OpenAI introduced the GPT‑5 family with Pro, mini, and nano variants. The release emphasizes simulated reasoning available to free users, fewer hallucinations, multimodal interactions, and expanded tools for developers.

What’s new in GPT‑5

  • Simulated reasoning for the free tier, breaking problems into multiple steps.
  • Unified architecture: an efficient model for most tasks, a deeper "GPT‑5 Thinking" mode for hard problems, and a real‑time router to pick the best path.
  • Multimodal input/output across text, voice, and images.
  • "Safe completions": helpful responses within safety limits instead of blanket refusals.

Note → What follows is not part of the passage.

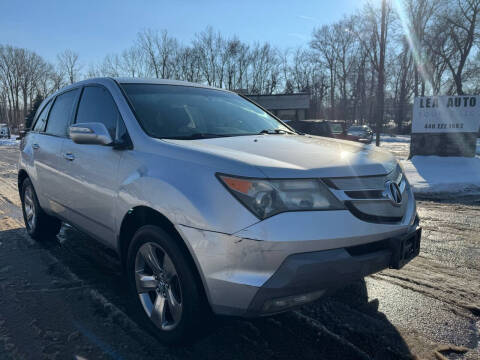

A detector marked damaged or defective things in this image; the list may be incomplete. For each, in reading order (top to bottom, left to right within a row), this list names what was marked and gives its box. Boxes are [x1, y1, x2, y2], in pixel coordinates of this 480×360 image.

damaged front bumper [176, 211, 420, 318] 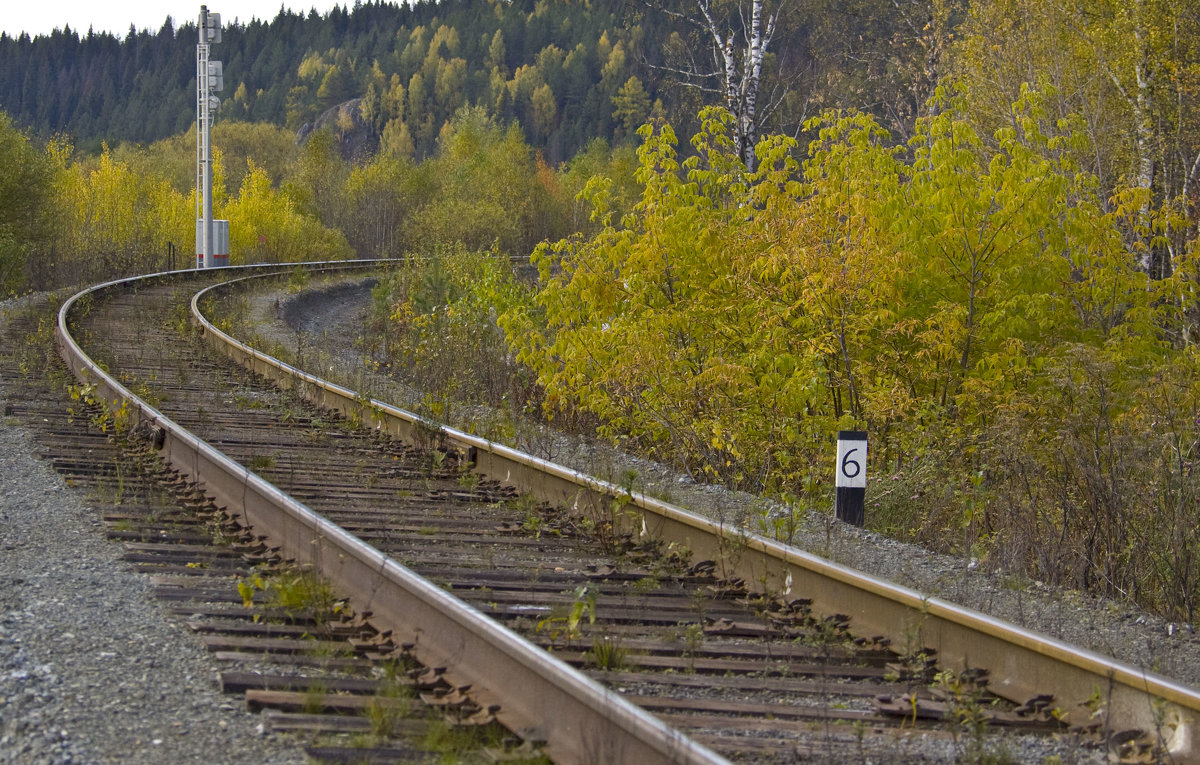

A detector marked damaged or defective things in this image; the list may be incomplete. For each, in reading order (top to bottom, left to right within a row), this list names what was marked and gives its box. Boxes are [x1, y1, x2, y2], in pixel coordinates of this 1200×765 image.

Performance and benchmarks

Coding

OpenAI claims GPT‑5 is its strongest coding model: 74.9% on SWE‑bench Verified and 88% on Aider Polyglot. It can finish end‑to‑end development tasks with minimal prompting and generate UI designs for non‑coders.

Reasoning, accuracy, and multimodal

  • Math (no tools): 94.6% on AIME 2025.
  • Multimodal understanding: 84.2% on MMMU.
  • GPQA (no tools) with GPT‑5 Pro: 88.4%.
  • With web search, answers show ~45% fewer factual errors vs. GPT‑4o; in "thinking" mode, ~80% fewer vs. o3.

Health use cases

On HealthBench Hard, GPT‑5 scores 46.2% per OpenAI, with the standard caveat: ChatGPT is not a medical professional. It can help interpret results and draft questions, but verification is essential.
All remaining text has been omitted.